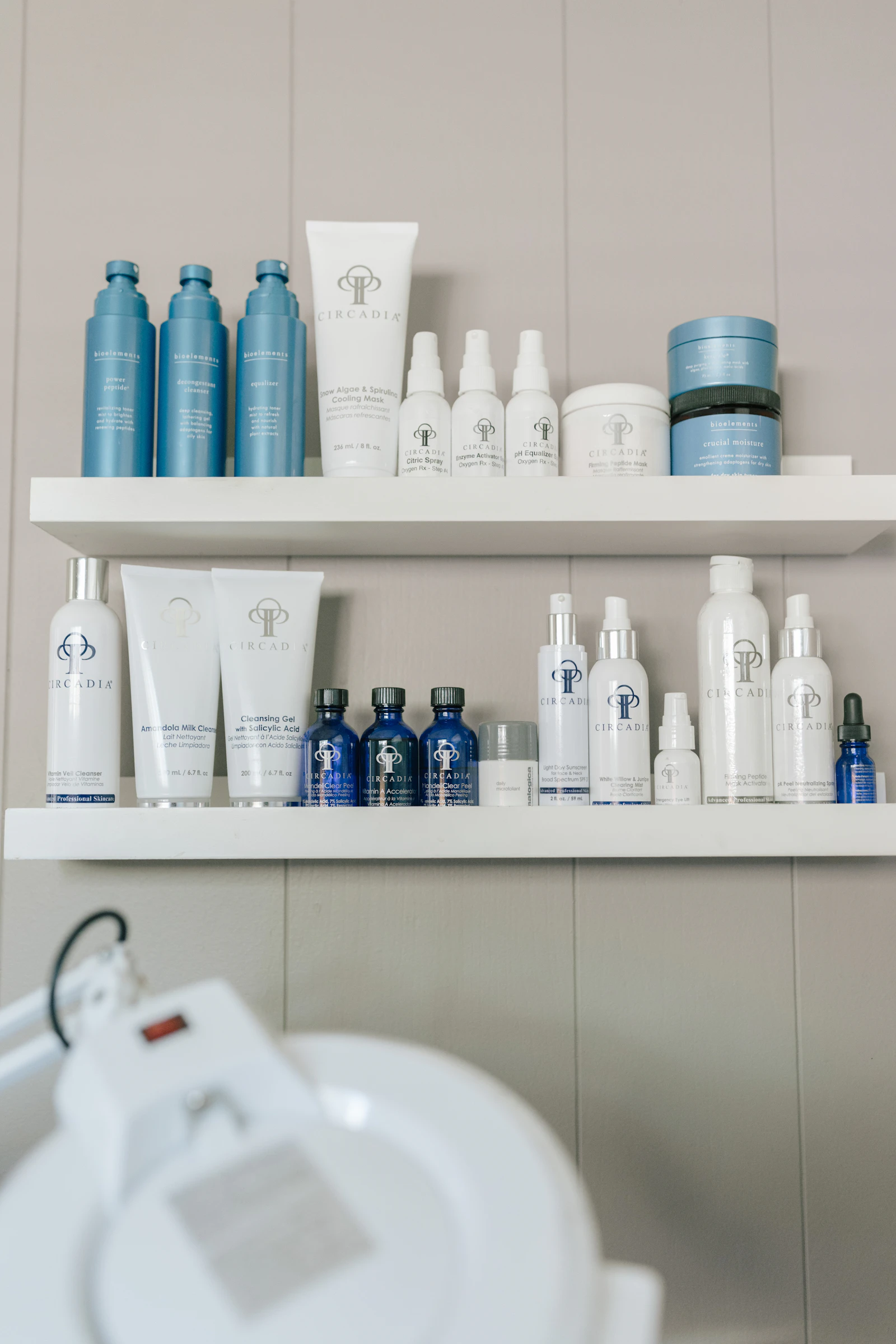 A shelf stocked with an assortment of skincare product bottles, representing a clinical skincare range comparison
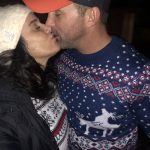 Hot Toddy Kisses: Deb and SA guy kissing in ugly Christmas sweaters. 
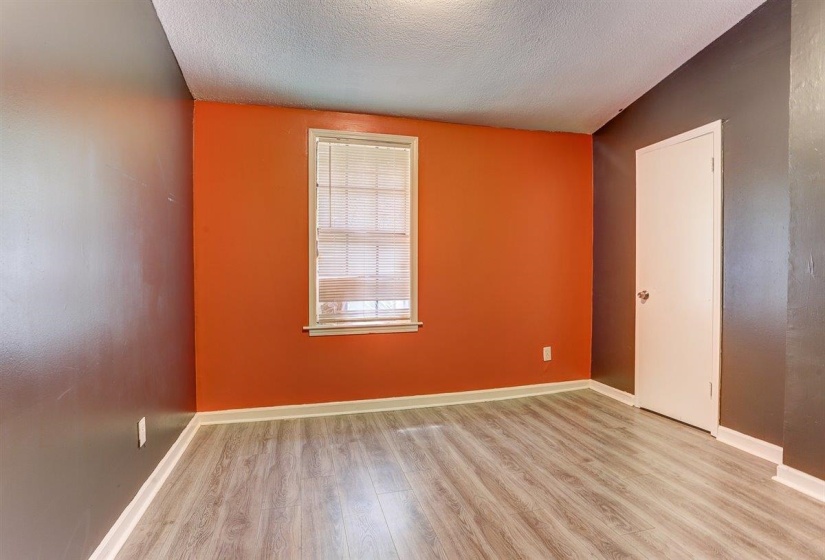 Unfurnished room with light wood-style floors and a textured ceiling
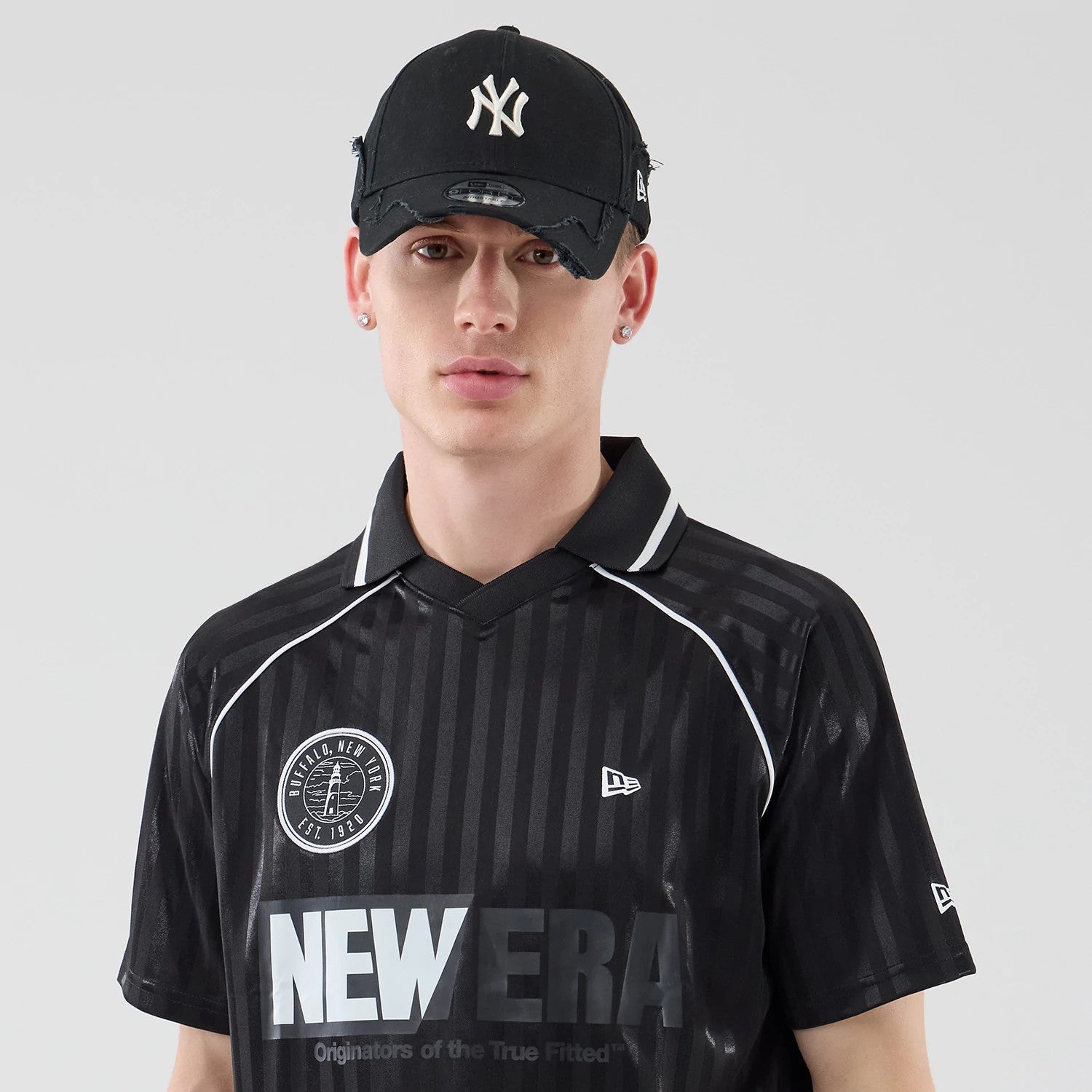 The model is wearing this New Era Football Jersey T-Shirt in black. 6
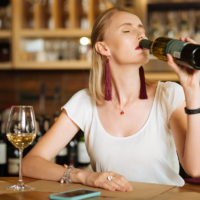 Nice young woman drinking lots of wine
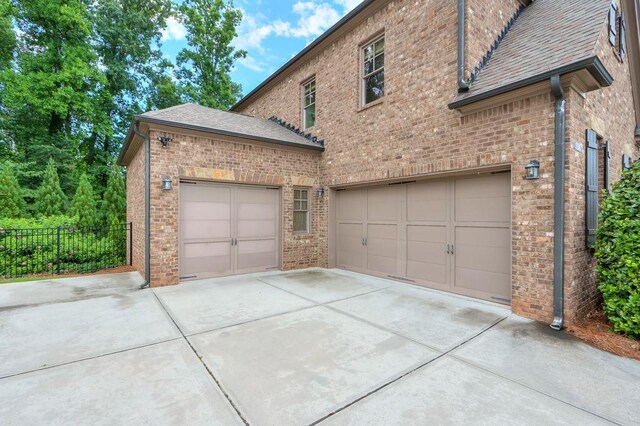 view of side of home with brick siding, fence, concrete driveway, an attached garage, and a shingled roof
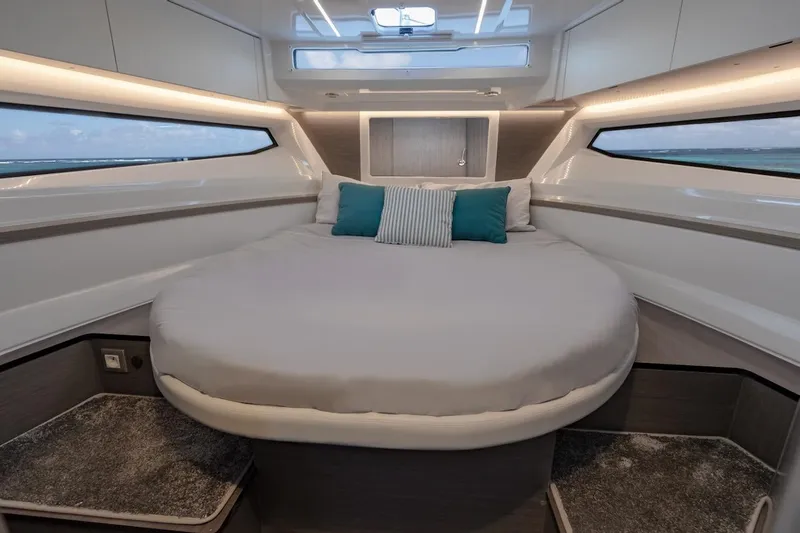 Slide: The Image of Luxurious cabin interior of 2025 Jeanneau NC 895 Series 2 with round bed and modern design. - 64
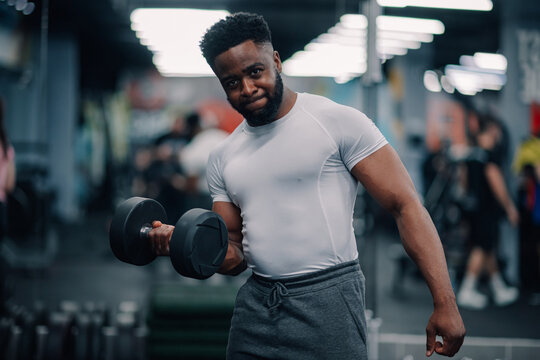 Determined bodybuilder lifting dumbbell in modern gym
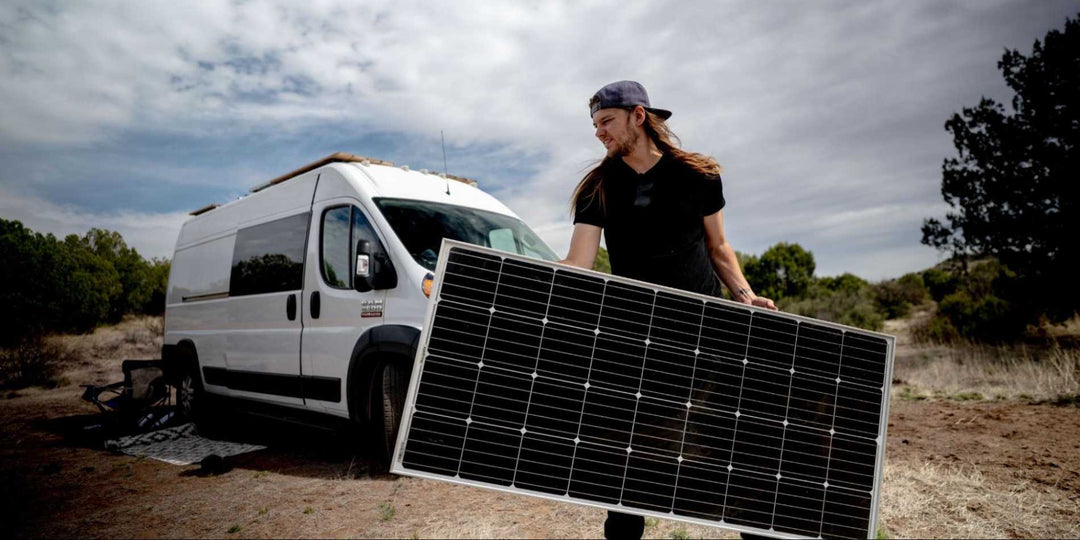A man carrying a BougeRV’s Monocrystalline solar panel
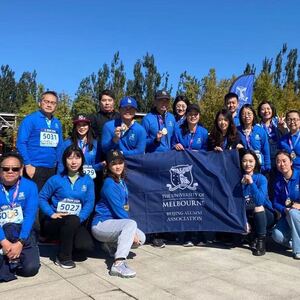 A group of Chinese alumni wearing matching blue jumpers posing together with a University of Melbourne flag.
                                class=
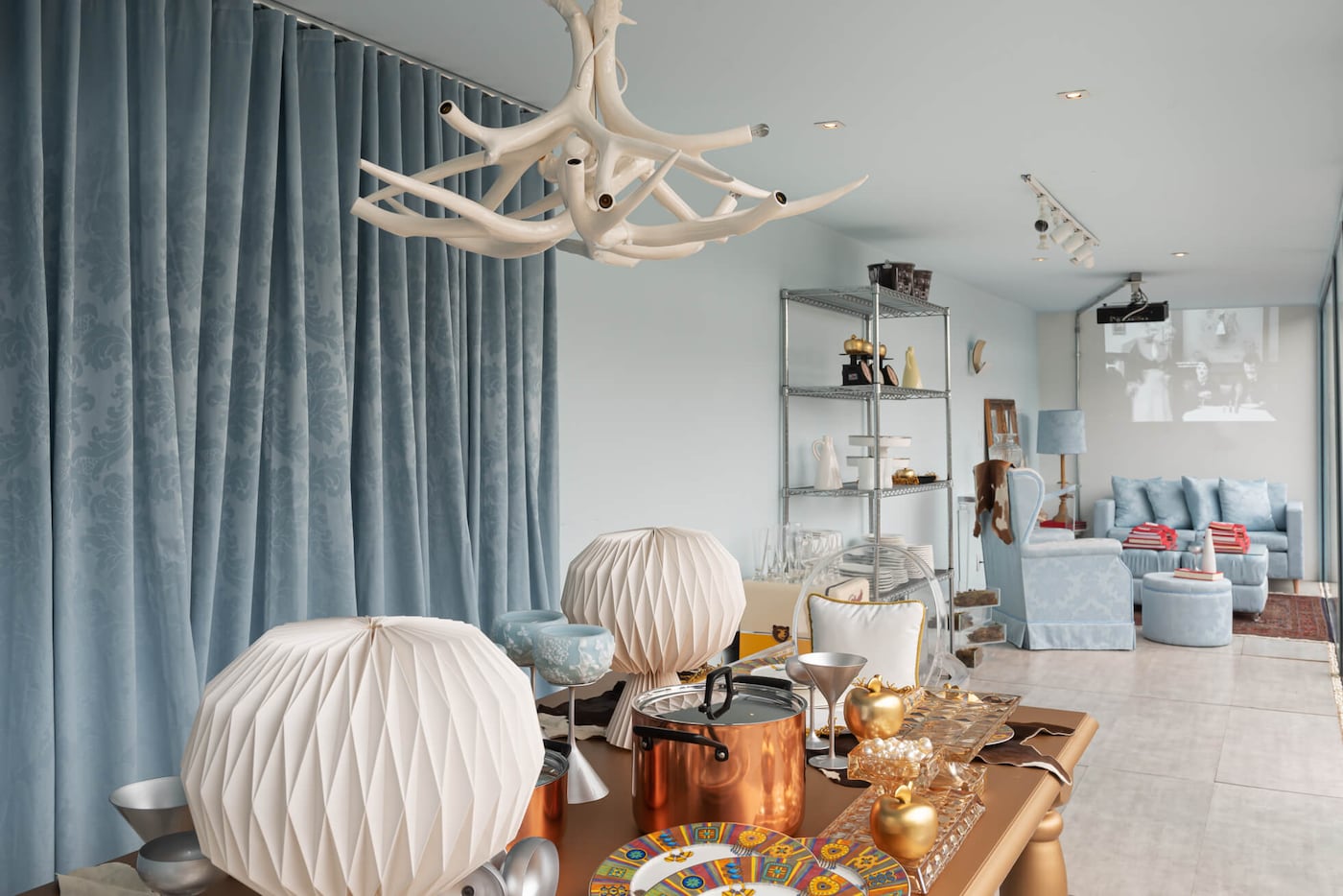 Sala integrada decorada com parede em tons de azul.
.....
▶ **Work instruction**:
In the listing above, find the line containing "Unfurnished room with" and the line containing "A group of Chinese". Print those two lines and every line between them exactly, with no pictures.

▶ **Your response**:
 Unfurnished room with light wood-style floors and a textured ceiling
 The model is wearing this New Era Football Jersey T-Shirt in black. 6
 Nice young woman drinking lots of wine
 view of side of home with brick siding, fence, concrete driveway, an attached garage, and a shingled roof
 Slide: The Image of Luxurious cabin interior of 2025 Jeanneau NC 895 Series 2 with round bed and modern design. - 64
 Determined bodybuilder lifting dumbbell in modern gym
A man carrying a BougeRV’s Monocrystalline solar panel
 A group of Chinese alumni wearing matching blue jumpers posing together with a University of Melbourne flag.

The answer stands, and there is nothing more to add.